# Should I ask how long the affair lasted



## rebelm (Oct 8, 2010)

We are living separately after finding out my wife's affair. She seems very remorseful about it and wants to see if we can work it out. She sent a no contact letter as well as giving me access to accounts. I asked certain things about the affair. The emails gave me all the details of the type relationship I needed to know. I am obsessed with knowing how long it went on. First it started last November.
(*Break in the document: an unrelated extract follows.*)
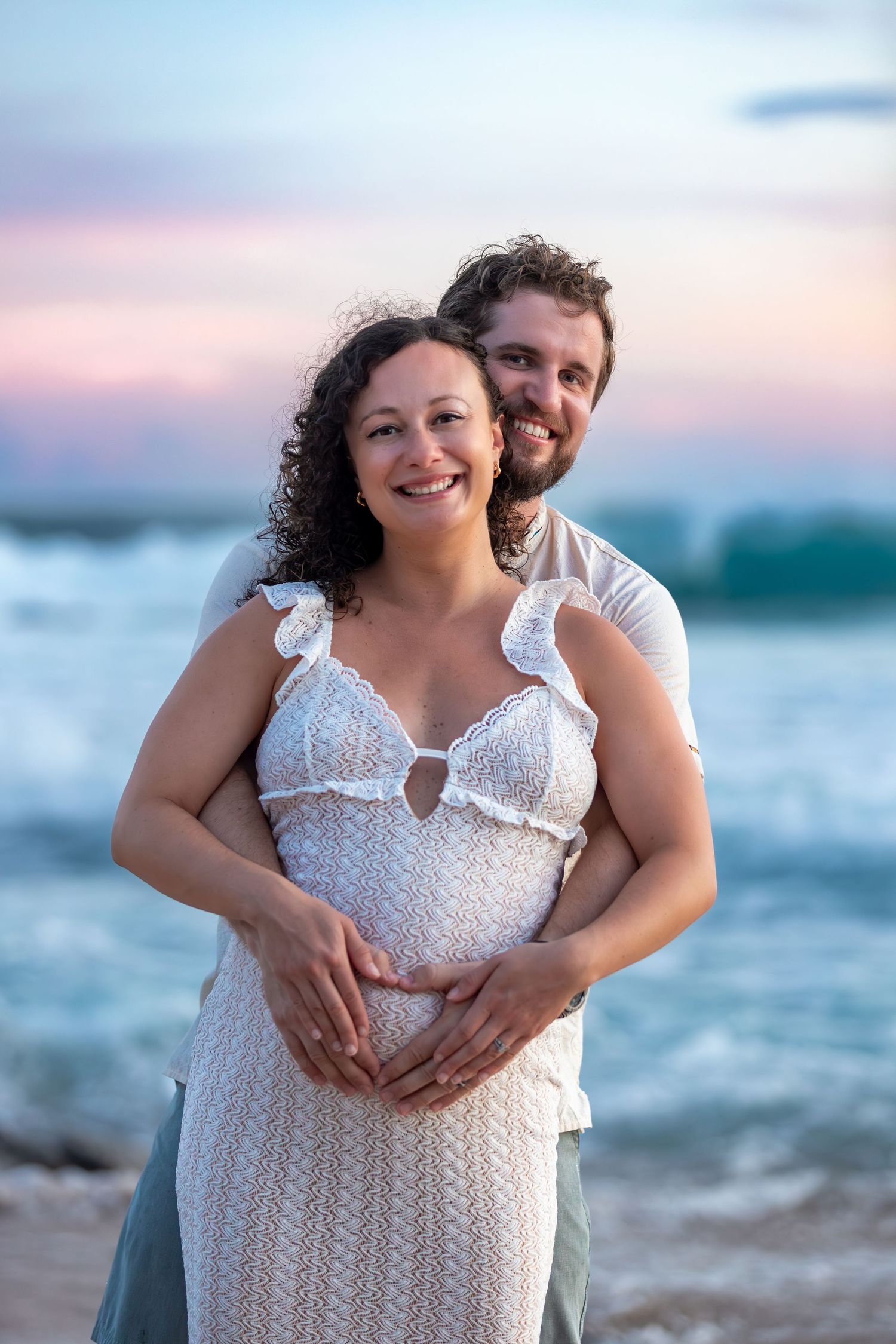 A couple embraces on a beach at sunset wearing white outfits against a pink and blue sky.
Of course I'm verifying everything I can. Then I looked at her phone bills and through old phones she still had. They were talking a year before that. She keeps saying she can't remember. Then has to back up every time I find something. I feel like I need her to be honest about the time. Am I being unreasonable to make it a deal breaker not to know? It messes me up to find more and I we are really going to try to work I want to know it all now. Should I just drop it and just verify today forward?


----------



## Jellybeans (Mar 8, 2011)

Yes. Ask. Telll heer that if she doesn't tell you everything then there will ne no chance at reconciliation. Tell ger she gets one shot only to come clean and if she lies all bets r off.
_Posted via Mobile Device_


----------



## rebelm (Oct 8, 2010)

Sounds like we are a done deal then. That's what I told her to begin with.


----------



## Jellybeans (Mar 8, 2011)

You can't rebuild trust if she's still lying or lying by ommission. Tell her that.
_Posted via Mobile Device_


----------



## bryanp (Aug 25, 2011)

You must have all of the truth. Since she continues to trickle truth you tell her you will set up a polygraph test to know once and for all. Her comment that she does not know is ridiculous. She know exactly when it began. The fact that she would say this shows that she is truly not remorseful and is still playing you for a fool. Why would you try to recover with someone who refuses to still tell you the truth? How could you trust her in the future if she is still lying to you in the present?


----------



## rebelm (Oct 8, 2010)

She checked out on for everything this year.Last year and how long is the issue. Made me wonder if it is cloudy to her. My memory isn't the greatest either but a year is a lot of difference. She told me several events also. I just seems to be the time frame she has trouble with.


----------



## bryanp (Aug 25, 2011)

Your wife is in damage control mode. How does one forget one year?


----------



## rebelm (Oct 8, 2010)

She also put a gps app on her phone and has a fit if it messes up. Though it still reported to me when it did. She can get around that by leaving her phone but makes a big deal out of having it on her phone. I and meant important to her to have it on there. Not mad.


----------



## aug (Aug 21, 2011)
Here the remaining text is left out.